I'm not sure if I want to write that story more or less than I now want the Hot Fuzz story where Danny lends Nick the Valdemar books.
****
Anyway, I've been kind of vaguely following the FictionAlley vs. Pepsi controversy, and while it would probably be smarter of me not to, I feel compelled to add my $.02 American. (Look, me reading up on the intersection of neoliberal capitalism and self-enforced gift economies totally counts as research for my NaNo, okay? And sadly, that's actually true, and I only just now realized that part of what the economics in my novel is commenting on is fandom.)
Conflict of interest disclaimers first: The first online fandom community I ever participated in was FictionAlley, and I volunteered with them for awhile, way back in the day, though I haven't so much as visited the forums in years and years.
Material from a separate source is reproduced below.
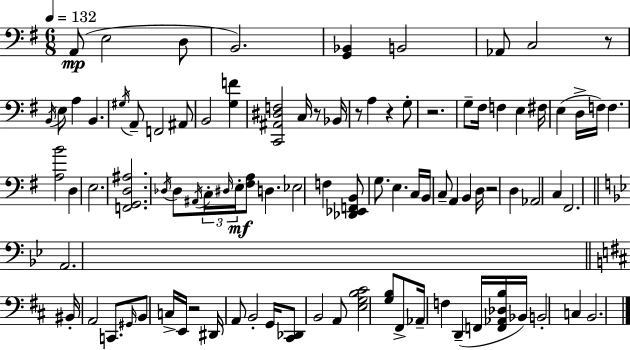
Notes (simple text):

A2/e E3/h D3/e B2/h. [G2,Bb2]/q B2/h Ab2/e C3/h R/e B2/s E3/e A3/q B2/q. G#3/s A2/e F2/h A#2/e B2/h [G3,F4]/q [C2,A#2,D#3,F3]/h C3/s R/e Bb2/s R/e A3/q R/q G3/e R/h. G3/e F#3/s F3/q E3/q F#3/s E3/q D3/s F3/s F3/q. [A3,B4]/h D3/q E3/h. [F2,G2,D3,A#3]/h. Db3/s Db3/e A#2/s C3/s D#3/s E3/s [F#3,A3]/e D3/q. Eb3/h F3/q [Db2,Eb2,F2,B2]/e G3/e. E3/q. C3/s B2/s C3/e A2/q B2/q D3/s R/h D3/q Ab2/h C3/q F#2/h. A2/h. BIS2/s A2/h C2/e. G#2/s B2/e C3/s E2/s R/h D#2/s A2/e B2/h G2/s [C#2,Db2]/e B2/h A2/e [E3,G3,B3,C#4]/h [G3,B3]/e F#2/e Ab2/s F3/q D2/q F2/s [F2,Ab2,Db3,B3]/s Bb2/s B2/h C3/q B2/h.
Also, somewhat more recently, I wrote protest fic in which Harry Potter characters had kinky underage sex using Pepsi products.
So, I'm not even going to address the arguments that seem to be going around which sum up to "you're killing starving African children, and therefore you're evil!" and "anything involving raising money for fandom is automatically evil, unless I have personally vetted it first!" and "you're associated with the group of HP fans who were involved with founding FictionAlley, and therefore you're evil!" and "you're outing our porn to the masses, and therefore you're evil!" because, quite frankly, I have heard all of those arguments before, they come up time and time again and are pretty much equally fallacious every time, I find them so far beyond tiresome at this point that I have difficulty even caring. Also, lots of other people have been pointing out the problems with those arguments.
However, I do feel like I want to say a few things about a couple of the other arguments, especially because people who are rejecting the above arguments are putting these forward: that they should have turned to fandom for the money first, and that the "educational" thing is a smokescreen and they're not a 'real' charity.
Okay. I got into fandom through FictionAlley. They have been set up as an education-focused nonprofit since the beginning, and this has never changed. Yes, this was partly in order to soothe WB - FA has never been below the corporate radar - but it was partly because they really do serve an educational function. I was far from the only person to get started in fandom through FA, and their active userbase (unless it has changed *drastically* in the past few years, and I doubt it's that drastic) has been heavily, heavily skewed to young people who are getting involved in fandom for the first time, and often who are seriously writing fiction for the first time. FA, even through only the basic archive and forum functions, not even counting its special educational projects, puts a lot of effort into mentoring, providing guidelines and community safeguards, and encouraging and helping its users to actively work to improve their writing abilities, to live and think creatively, to learn how to read actively and critically, to value open exchange of information and ideas, and to help them come to fandom as a positive and accepting community.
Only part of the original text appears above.